I so love quilts and quilting. And like you, to do a crazy quilt or string quilt pieced on paper, I've always done the sew and flip. What a wonderful quilt top you have..it's fascinating not only looking at the fabric, but to actually be able to read part of the newspaper and realize that time in history was some of our hardest times..I wonder..who she was that took the time to make this top.Oooo,the stories our quilts could tell...
Happy VTT and thank you so much for showing this beautiful top.

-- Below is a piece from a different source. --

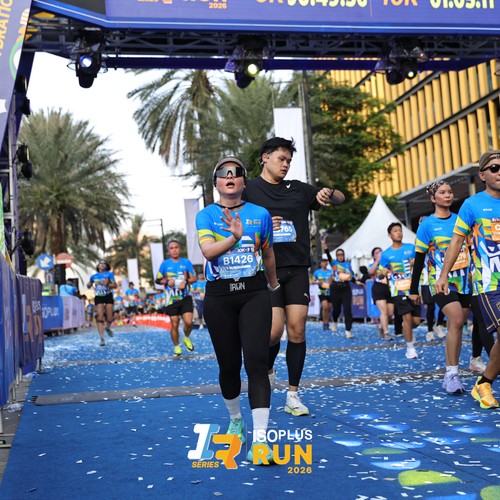 Race photo from ISOPLUS RUN 2026 - JAKARTA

CollectIn Texas Gal said...

I have a theory...the odd shapped pieces don't fit the usual string pieced method of that time, so in order to fit and cover the raw edge, the odd pieces' edges are turned under and stitched over the other pieces to cover their raw edges. I have seen this done in quilt tops on paper of this same age...it is not an accomplished quilters technique. I haven't seen it in any books either.

Postcardy said...

I love both the front and back of this quilt. I think the pieces are top-stitched to make maximum use of the small odd shaped scraps and the machine stitching was done because it was easier than hand applique.

thasnifty said...

The quilt is lovely. I know nothing about quilts, but I sure love looking at them and seeing the old fabrics.

Happy VTT too
-brightest blessings-
Karina

The Crazy Suburban Mom said...

Wow, This is the coolest thing. I don't do quilts so normally there isnt much for me to relate to on quilt posts. I would love to be able to do them but im not precise...but this was totally absorbing. to be able to find this kind of stuff out is ...wow. amazing!

Happy VTT
Tracy

quiltfool said...

That is a beautiful quilt top. I hope you enjoy it. Are you going to quilt it or leave it? That would be a hard decision. Lane

AshTreeCottage said...

I am just fascinated by this quilt. Thanks for a great post. I posted about a crazy quilt today too.

Love,
Susan and Bentley
xxoo

Debbie said...

I have never seen a quilt made on newspaper before! But I know that my mom made quilts for function not for design so hers may not have fit a specific technique either.

Charlotte said...

I have seen quilt tops like this made by my grandmother. I called my mother and asked her why this was done. She said because they had to use scraps that were not big enough to make a square, so they would sew the pieces onto newspaper or magazines so a square could be made. Makes sense to me :)

Carrie said...

This is fascinating...I havenever seen quilting done with a newspaper backing! Thanks for sharing...

Lydia said...

I am flabbergasted by this quilt! I never knew that quilts were made with paper backing (I am not a quilter but have a lovely one my mother made for me). So, using newspaper means that this quilt would never have been washed, and I'm surprised it held up this beautifully. Since old newspapers are quite collectible, and old quilts are certainly so, it would make this a double-whammy, I would think!

viridian said...

Lydia:
The newspaper is used as a foundation to help during construction of the top. The next step is to remove the paper, carefully. Then layer with batting and a backing and quilt to finish. This person never got to that next step. But yes, this is quite collectible. I'd have to pull the paper off to finish the quilt but do I want to do that? I'd lose this history.

Cynthia L. said...

What a wonderful find! You are a very lucky person to have such a great piece of history. I think that crazy quilts are wonderful and I am in the process of making one for myself. It is a slow process because I have so many other things going on too! Really enjoyed your blog - I will be coming back to see what else you find and create!

Becky said...

Oh Lydia, what to do indeed?! I would be tempted to hang/display it as it and flip it from time to time so I could gaze at both sides.

Nana Moon said...

This is a beautiful crazy quilt. The pieces of newspaper are quite a treasure! Happy (late) VTT!

BlessedCP said...

I had no idea newspaper was used to back quilts! The paper quality must have been better then because now newspaper yellow and become brittle in a short time. What a great find for you!